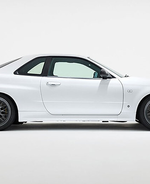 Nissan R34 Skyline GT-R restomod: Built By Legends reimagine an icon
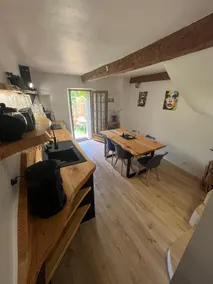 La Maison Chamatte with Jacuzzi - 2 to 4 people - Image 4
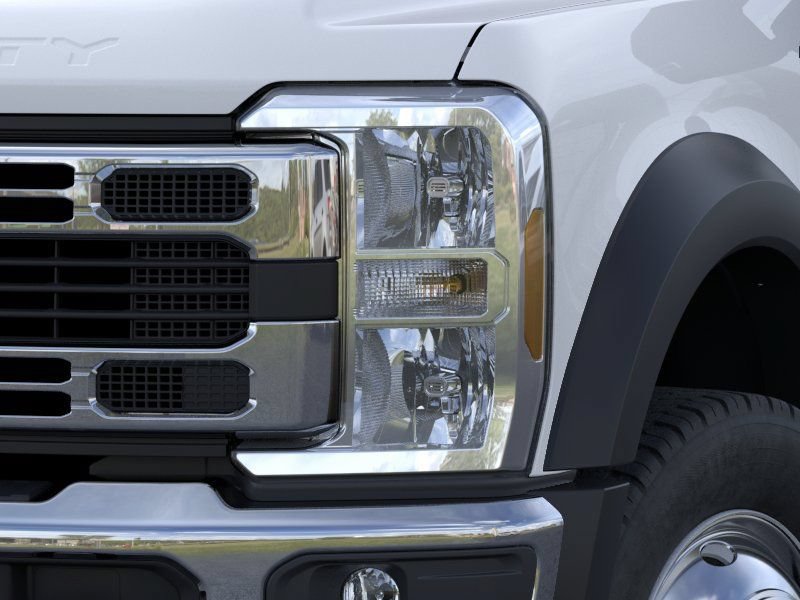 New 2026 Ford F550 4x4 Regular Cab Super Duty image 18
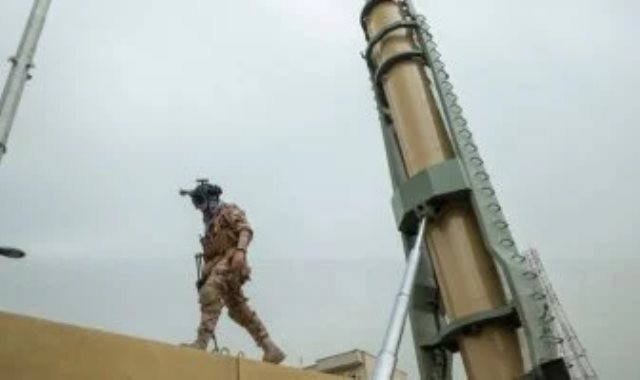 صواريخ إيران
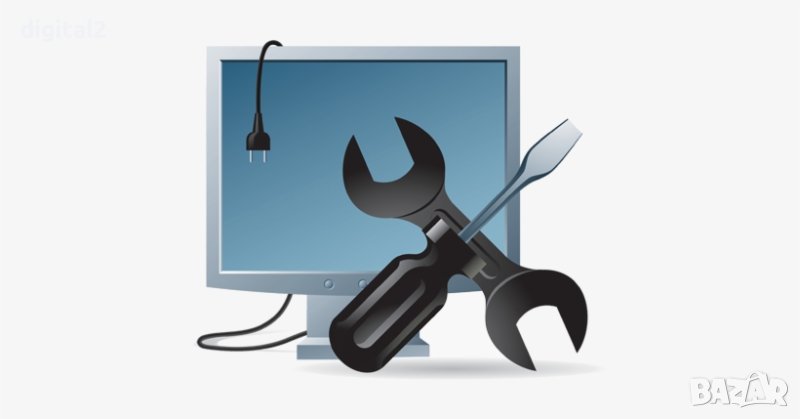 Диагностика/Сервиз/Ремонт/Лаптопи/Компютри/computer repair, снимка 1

■ ■ ■ ■ ■

PROBLEM TO WORK ON: In your copy, leave out the pictures and reproduce the material above exactly.

SOLUTION BELOW:
 Nissan R34 Skyline GT-R restomod: Built By Legends reimagine an icon
 La Maison Chamatte with Jacuzzi - 2 to 4 people - Image 4
 New 2026 Ford F550 4x4 Regular Cab Super Duty image 18
 صواريخ إيران
 Диагностика/Сервиз/Ремонт/Лаптопи/Компютри/computer repair, снимка 1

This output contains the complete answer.